PatchDiscriminator

Inheritance Diagram

Inheritance diagram of ashpy.models.convolutional.discriminators.PatchDiscriminator

class ashpy.models.convolutional.discriminators.PatchDiscriminator(input_res, min_res, kernel_size, initial_filters, filters_cap, use_dropout=True, dropout_prob=0.3, non_linearity=<class 'tensorflow.python.keras.layers.advanced_activations.LeakyReLU'>, normalization_layer=<class 'ashpy.layers.instance_normalization.InstanceNormalization'>, use_attention=False)[source]

Bases: ashpy.models.convolutional.encoders.Encoder

Pix2Pix discriminator.

The last layer is an image in which each pixels is the probability of being fake or real.

Examples

x = tf.ones((1, 64, 64, 3))

# instantiate the PathDiscriminator
patchDiscriminator = PatchDiscriminator(input_res=64,
                                        min_res=16,
                                        kernel_size=5,
                                        initial_filters=64,
                                        filters_cap=512,
                                        )

# evaluate passing x
output = patchDiscriminator(x)

# the output shape is the same as the input shape
print(output.shape)
(1, 12, 12, 1)

Methods

__init__(input_res, min_res, kernel_size, …) Patch Discriminator used by pix2pix.
call(inputs[, training, return_features]) Forward pass of the PatchDiscriminator.

Attributes

activity_regularizer Optional regularizer function for the output of this layer.
dtype
dynamic
inbound_nodes Deprecated, do NOT use! Only for compatibility with external Keras.
input Retrieves the input tensor(s) of a layer.
input_mask Retrieves the input mask tensor(s) of a layer.
input_shape Retrieves the input shape(s) of a layer.
input_spec Gets the network’s input specs.
layers
losses Losses which are associated with this Layer.
metrics Returns the model’s metrics added using compile, add_metric APIs.
metrics_names Returns the model’s display labels for all outputs.
name Returns the name of this module as passed or determined in the ctor.
name_scope Returns a tf.name_scope instance for this class.
non_trainable_variables
non_trainable_weights
outbound_nodes Deprecated, do NOT use! Only for compatibility with external Keras.
output Retrieves the output tensor(s) of a layer.
output_mask Retrieves the output mask tensor(s) of a layer.
output_shape Retrieves the output shape(s) of a layer.
run_eagerly Settable attribute indicating whether the model should run eagerly.
sample_weights
state_updates Returns the updates from all layers that are stateful.
stateful
submodules Sequence of all sub-modules.
trainable
trainable_variables Sequence of variables owned by this module and it’s submodules.
trainable_weights
updates
variables Returns the list of all layer variables/weights.
weights Returns the list of all layer variables/weights.
__init__(input_res, min_res, kernel_size, initial_filters, filters_cap, use_dropout=True, dropout_prob=0.3, non_linearity=<class 'tensorflow.python.keras.layers.advanced_activations.LeakyReLU'>, normalization_layer=<class 'ashpy.layers.instance_normalization.InstanceNormalization'>, use_attention=False)[source]

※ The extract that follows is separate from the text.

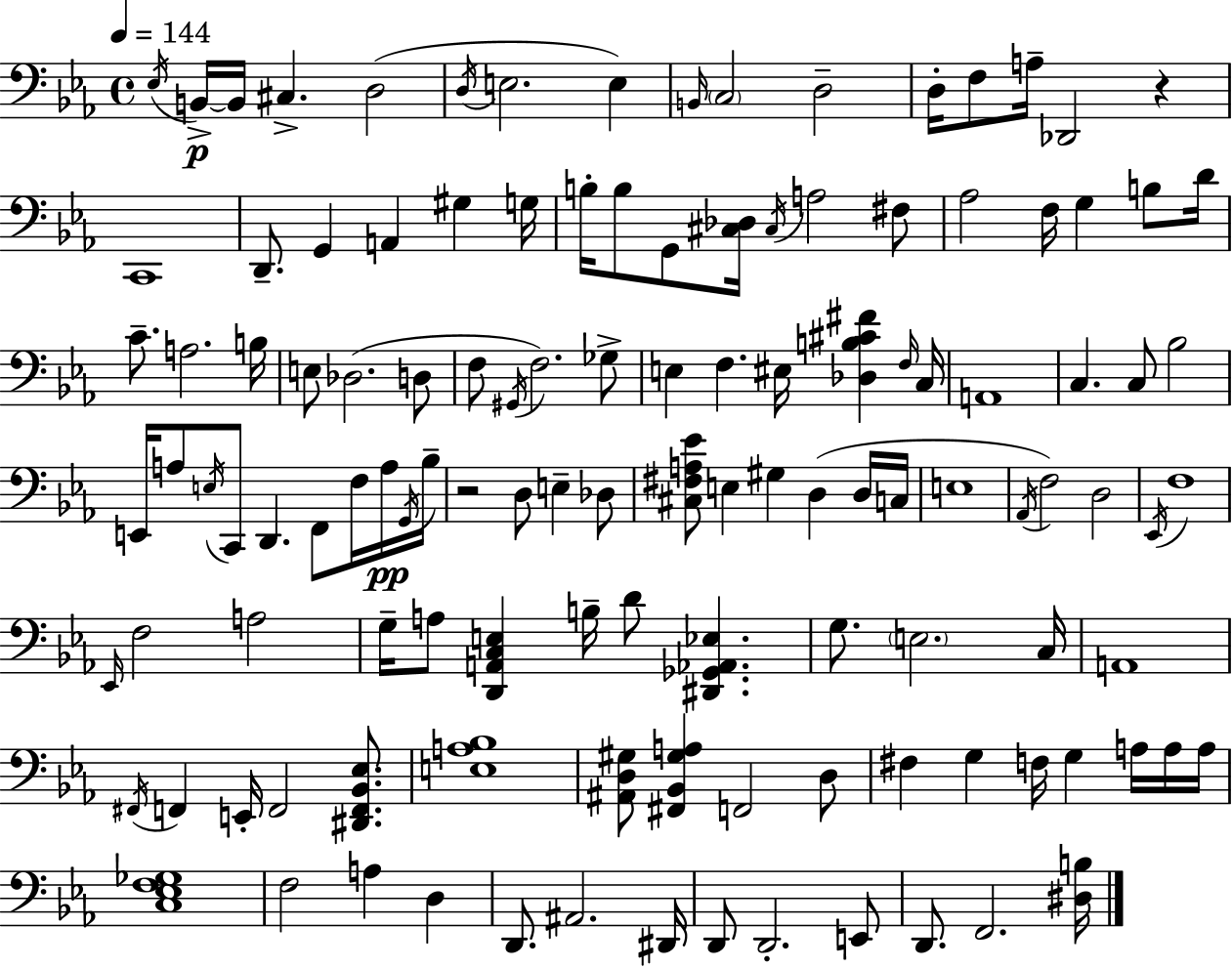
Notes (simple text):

Eb3/s B2/s B2/s C#3/q. D3/h D3/s E3/h. E3/q B2/s C3/h D3/h D3/s F3/e A3/s Db2/h R/q C2/w D2/e. G2/q A2/q G#3/q G3/s B3/s B3/e G2/e [C#3,Db3]/s C#3/s A3/h F#3/e Ab3/h F3/s G3/q B3/e D4/s C4/e. A3/h. B3/s E3/e Db3/h. D3/e F3/e G#2/s F3/h. Gb3/e E3/q F3/q. EIS3/s [Db3,B3,C#4,F#4]/q F3/s C3/s A2/w C3/q. C3/e Bb3/h E2/s A3/e E3/s C2/e D2/q. F2/e F3/s A3/s G2/s Bb3/s R/h D3/e E3/q Db3/e [C#3,F#3,A3,Eb4]/e E3/q G#3/q D3/q D3/s C3/s E3/w Ab2/s F3/h D3/h Eb2/s F3/w Eb2/s F3/h A3/h G3/s A3/e [D2,A2,C3,E3]/q B3/s D4/e [D#2,Gb2,Ab2,Eb3]/q. G3/e. E3/h. C3/s A2/w F#2/s F2/q E2/s F2/h [D#2,F2,Bb2,Eb3]/e. [E3,A3,Bb3]/w [A#2,D3,G#3]/e [F#2,Bb2,G#3,A3]/q F2/h D3/e F#3/q G3/q F3/s G3/q A3/s A3/s A3/s [C3,Eb3,F3,Gb3]/w F3/h A3/q D3/q D2/e. A#2/h. D#2/s D2/e D2/h. E2/e D2/e. F2/h. [D#3,B3]/s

Patch Discriminator used by pix2pix.

When min_res=1 this is the same as a standard fully convolutional discriminator.

Parameters:
  • input_res (int) – Input Resolution.
  • min_res (int) – Minimum Resolution reached by the discriminator.
  • kernel_size (int) – Kernel Size used in Conv Layer.
  • initial_filters (int) – number of filters in the first convolutional layer.
  • filters_cap (int) – Maximum number of filters.
  • use_dropout (bool) – whether to use dropout.
  • dropout_prob (float) – probability of dropout.
  • non_linearity (tf.keras.layers.Layer) – non linearity used in the model.
  • normalization_layer (tf.keras.layers.Layer) – normalization layer used in the model.
  • use_attention (bool) – whether to use attention.
_add_building_block(filters, use_bn=False)[source]

Construct the core of the tf.keras.Model.

The layers specified here get added to the tf.keras.Model multiple times consuming the hyper-parameters generated in the _get_layer_spec().

Parameters:filters (int) – Number of filters to use for this iteration of the Building Block.
_add_final_block(output_shape)[source]

Prepare the results of _add_building_block() for the final output.

Parameters:output_shape (int) – Amount of units of the last tf.keras.layers.Dense
call(inputs, training=False, return_features=False)[source]

Forward pass of the PatchDiscriminator.